I will be curious to see how well this works for you.

We have lots of places to get 5 gallon buckets and I have considered using them. This could go a few ways. 

One way would be to just plant them in the bucket and keep filling it up with dirt as the plant grows.

Another idea would be to cut the bottom out of the bucket, plant the potato in the ground and put the bottomless bucket over the plant. Then keep filling up the bucket as the plant grows.


----------



## DKRinAK (Nov 21, 2011)

Tried that.

FAIL. Not enough sun got down into the can for the spuds to grow all that well.
Alasaka has funny sun angles so that may have been a factor. I would suggest using tires - just add a tire and more soil.

Good luck


----------



## moondancer (Dec 21, 2013)

I use old tires. I Kay a tarp down start with one tire as the plant grows add a tire and dirt at harvest flip over the tires


----------



## brightstar (Apr 24, 2012)

I had a fail on the trash can idea too. I got a few extra potatoes compared to the ground but they were all much smaller than the ground planted ones too.


----------



## LincTex (Apr 1, 2011)

Another vote for old tires.

Avoid clay, spuds hate it, you will need sand or sandy loam.


----------



## goshengirl (Dec 18, 2010)

weedy, I did the buckets last summer. Fail. I mean, I got some potatoes, but it wasn't worth all the effort of getting the buckets, cleaning the buckets, drilling holes in the buckets... Not that any of that was hard work, just that it was a lot of effort for very, very little in the way of potatoes. (I'm planning to repurpose some of those buckets and cut their bottoms and do that mounding thing you mentioned - I've seen that, too, and I think more folks have had success with that - will have to find out  )

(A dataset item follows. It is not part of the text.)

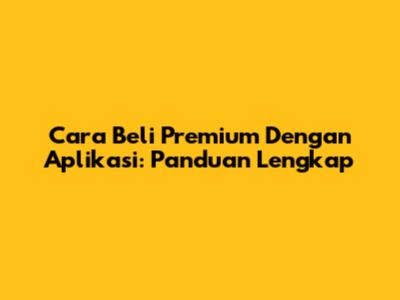 Cara Beli Premium Dengan Aplikasi: Panduan Lengkap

I'm not sure why the buckets were a failure, although I think drainage was a large part of it (even though I had lots and lots of holes drilled in the bottoms). So that makes me wonder how the trash cans will do. I will be curious to see how your experiment turns out, Dave!


----------



## rawhide2971 (Apr 19, 2013)

Tried it and it did not work out for me. Would love to figure it out and make it work--- And I had a heck of a problem with Ants getting in and making themselves at home. Fireants to be exact


----------



## razorback (Jul 17, 2012)

I tried using the round clothes basket method last year. I did just one since I didn't have many potatoes that had eyes growing. I got little pototoes. Not sure if I planted them to late and they died back to soon. I didn't want them on the grown cause we have terrible fire ants too.

I want to try using fence and make columns. I read on a blog you layer the outside with straw then add your dirt. 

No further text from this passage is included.